Online Camp Resources

Several websites specialize in helping parents find high-quality camps for their children. The following sites will provide a good starting point in your research:

Research the Camps

Now that you've chosen a few overnight camp candidates, the real research begins. You will need to get a feel for the camp atmosphere and its policies. To do this, you can:

  • Visit the camp's website.
  • Call the camp and speak to the director or a counselor.
  • If possible, visit the camp.
  • Speak to others who have attended the camp.
  • Request camp brochures.

Questions to Ask

While it is important to know what type of camp your child will attend, there are some less obvious factors that are every bit as important. For each camp you are considering, you should find out the following:

  • What is the camp's discipline policy?
  • What is the ratio of campers to counselors?
  • Is the camp co-ed?
  • How often are parent visits allowed?
  • Are campers allowed to receive letters and care-packages?
  • Are campers allowed to phone home? How often?
  • What items should campers bring to camp?

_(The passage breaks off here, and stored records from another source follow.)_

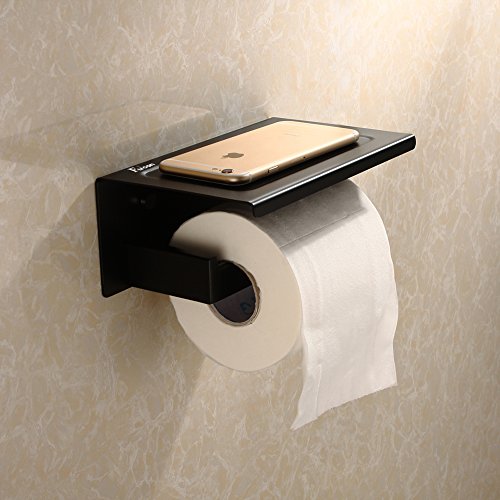 Fuloon 19*12*8cm Toilettenpapierhalter Edelstahl Papierhalter mit Deckel (Schwarz) - 2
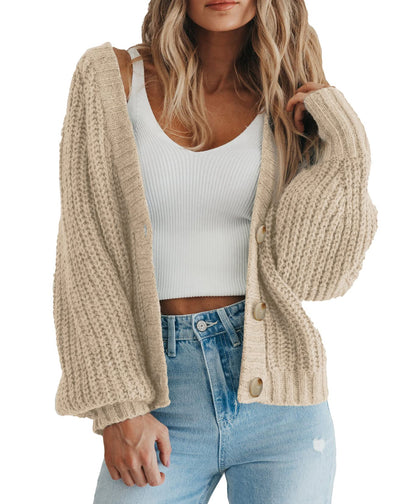PRETTYGARDEN Women's Chunky Knit Open Front Cardigan Sweaters Fall Outfits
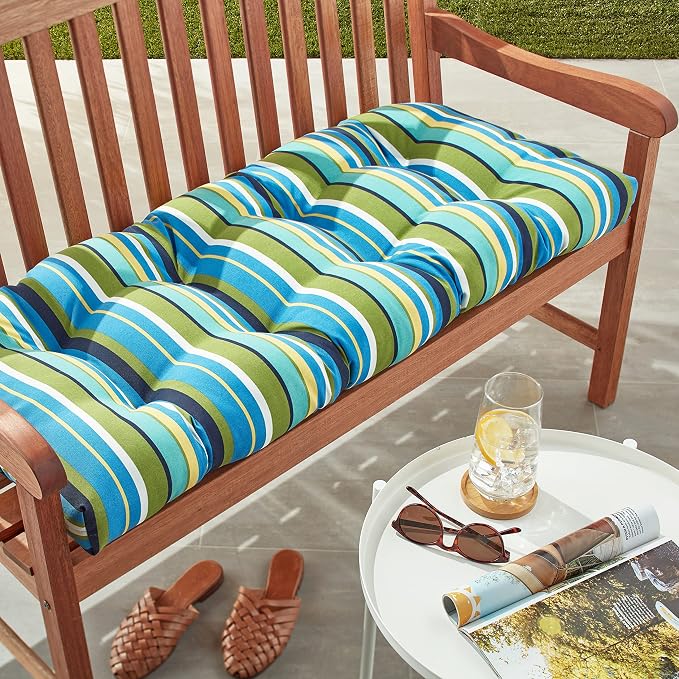 Pillow Perfect Stripe Indoor/Outdoor Sofa Setee Swing Cushion, Tufted, Weather, and Fade Resistant, 19" x 44", Blue/Green Topanga, 1 Count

Helpful Tips for Choosing a Summer Camp

Ready to seek a summer camp for your child? These tips will help you make an informed decision.

Consider Your Child's Interests

If your child is already involved in a particular sport or activity, then consider a summer camp that focuses on him or her. You can also consider one that gives your child new challenges. Part of the fun of going to camp is trying new things, and you want to make sure that your child has this opportunity.

Ask Your Child for Ideas

Since your child is the one who will be going to camp, it makes sense to ask him or her for some ideas about the kind of camp and activities he or she would enjoy.

Get Your Child Involved

When you are reviewing websites or brochures from summer camps, let your child look at them too. Give him the chance to talk about what he likes about the camp, as well as, the things that he doesn't find appealing. This information will help you narrow down the choices to a short list that you can use to make the final decision.

Consider Readiness

Summer Camp
Hiking at Summer Camp

Some children adjust readily to being at camp from a young age, while others are not ready until the tween or teen years. There is no "right" age to send a child to camp, and even children in the same family mature at different rates. If you feel that your child would have trouble being away from home for an extended stay at camp, then find a camp that offers sessions that are relatively short. You can always arrange for a longer stay the following summer or whenever your child seems ready to do so.

Check Certification Status

The American Camp Association is one organization that rates camps. You can find a list of approved ones on the ACA web site. There are good quality camps that don't have this accreditation, too. If you are considering one of them, be sure to ask how the camp's programs have developed over time and what improvements have been made to the camp over the years.

Learn Hiring Practices and Staff Ratios

The camp administrators are responsible for hiring counselors and other staff members, and you need to know about the process they use to screen applicants. Does the camp perform background checks?

Seek References

Once you have a short list of camps, contact each one directly to ask whether you can contact families that have sent children there in the past. This is an opportunity to find out what made them choose the camp and whether they had any concerns or issues with the program or the staff. You will also want to ask about the food served and whether they would choose that camp again.

Summer Camp
Visit the camp


Visiting websites and looking at brochures are helpful when you are considering how to choose a summer camp, but a personal visit will give you a better idea of whether you are making the right choice for your child. If possible, visit the camp while it's in session. You may want to take your child with you, since you are looking for a good camp for him or her.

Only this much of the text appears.